Andrew Stanton’s Earliest Quotes About John Carter (of Mars) from back in 2008-2009

Other Stuff

Now that Andrew Stanton has broken his silence about John Carter, maybe this is a good time to share a piece from John Carter and the Gods of Hollywood from the chapter: “Pre-Production: Fateful Decisions”.   This is the result of exhaustively combing through the record of anything about John Carter of Mars from the online (or other) media from the time Stanton signed on in late 2006, until actual Disney-generated publicity began in 2009 with the announcement that Taylor Kitsch and Lynn Collins had been cast.  If anyone is aware of, or can find, significant interviews by Stanton or articles about him/John Carter in this time-frame (2007, 2008, up to the cast announcements in June 2009), please share.  (To be clear, I’m not talking about replays of the ones cited here…..I’m talking about new interviews or articles that are unrelated to those quoted here.)

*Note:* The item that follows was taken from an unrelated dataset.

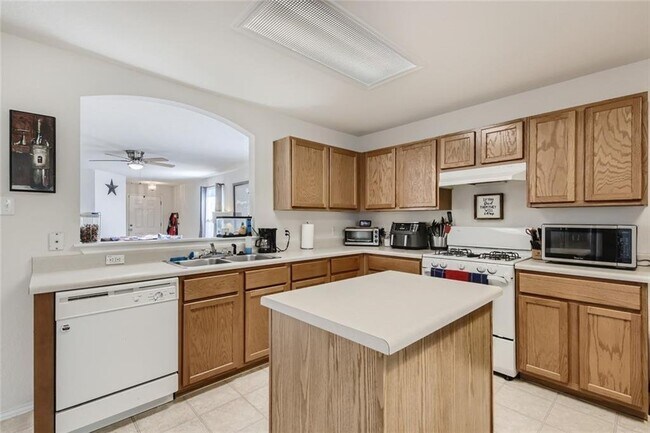 Foto del edificio - 129 Steven Street, Hutto, TX 78634 - 3 BR ...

I will also note something from an earlier chapter, and that is this.  Other than Disney’s announcement that they had acquire the rights to A Princess of Mars in January 2007, the first indication that Stanton was involved and that things were moving forward was an article that appeared in none other than Erbzine on October 2, 2007:

Pixar’s John Carter Team Visits Tarzana
Pre-production for the Disney/Pixar “John Carter of Mars” film is gathering steam

Tarzana, CA: October 2, 2007
The Pixar creative team spent Tuesday morning exploring the massive Edgar Rice Burroughs archives in the ERB, Inc. offices on Ventura Blvd.  Pixar’s Jim Morris (vp), Andrew Stanton (director), Mark Andrews (script) discussed the “John Carter of Mars” film project with Burroughs representatives, Danton Burroughs, Sandra Galfas and Jim Sullos.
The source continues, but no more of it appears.